▶ [Exercise prompt] For the material below, the expected output is exactly the lines between the line holding "Now, just focusing" and the line holding "We cover fundamentals, administration, and", inclusive, with pictures left out.

▶ [Data supplied]

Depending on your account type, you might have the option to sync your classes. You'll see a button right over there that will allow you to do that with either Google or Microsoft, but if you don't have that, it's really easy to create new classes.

--

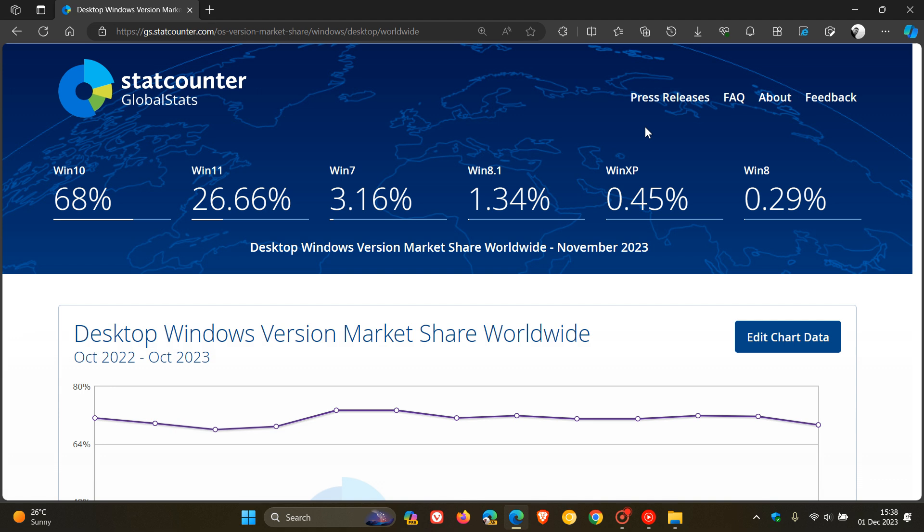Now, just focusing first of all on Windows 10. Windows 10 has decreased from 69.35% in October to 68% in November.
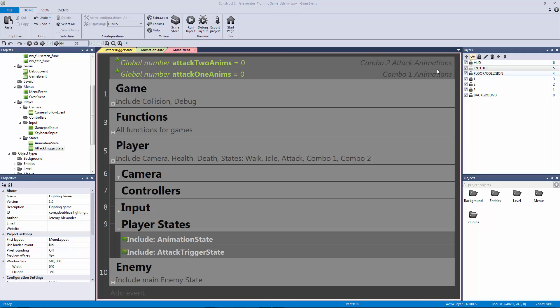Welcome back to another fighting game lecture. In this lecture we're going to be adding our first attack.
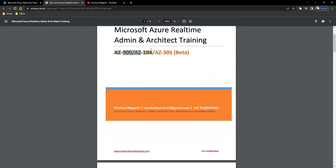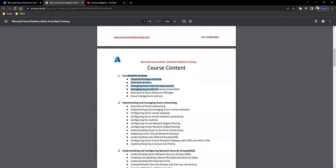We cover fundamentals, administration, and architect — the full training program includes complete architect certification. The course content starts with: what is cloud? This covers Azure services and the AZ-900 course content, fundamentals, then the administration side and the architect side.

▶ [Written answer]
Now, just focusing first of all on Windows 10. Windows 10 has decreased from 69.35% in October to 68% in November.
Welcome back to another fighting game lecture. In this lecture we're going to be adding our first attack.
We cover fundamentals, administration, and architect — the full training program includes complete architect certification. The course content starts with: what is cloud? This covers Azure services and the AZ-900 course content, fundamentals, then the administration side and the architect side.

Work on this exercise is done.